## What you should do
Return all of the entries below, word for word. Omit each picture.

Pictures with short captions
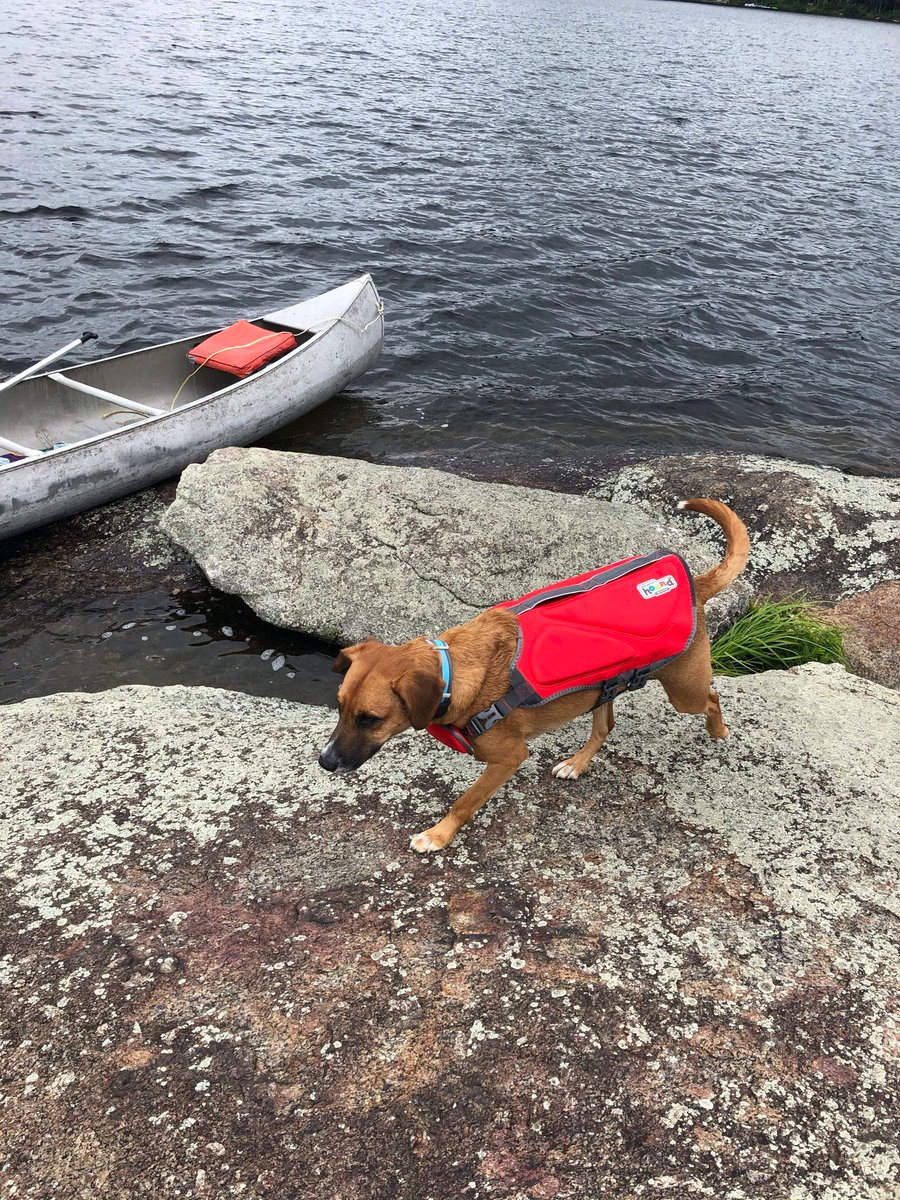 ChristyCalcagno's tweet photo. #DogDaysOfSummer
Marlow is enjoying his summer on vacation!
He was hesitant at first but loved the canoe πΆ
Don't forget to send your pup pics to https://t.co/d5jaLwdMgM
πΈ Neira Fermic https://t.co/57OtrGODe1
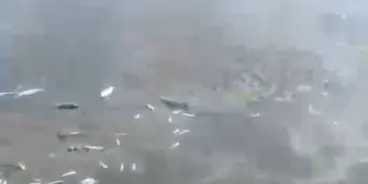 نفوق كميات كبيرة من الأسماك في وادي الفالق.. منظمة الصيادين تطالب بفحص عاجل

## Answer space
 ChristyCalcagno's tweet photo. #DogDaysOfSummer
Marlow is enjoying his summer on vacation!
He was hesitant at first but loved the canoe πΆ
Don't forget to send your pup pics to https://t.co/d5jaLwdMgM
πΈ Neira Fermic https://t.co/57OtrGODe1
 نفوق كميات كبيرة من الأسماك في وادي الفالق.. منظمة الصيادين تطالب بفحص عاجل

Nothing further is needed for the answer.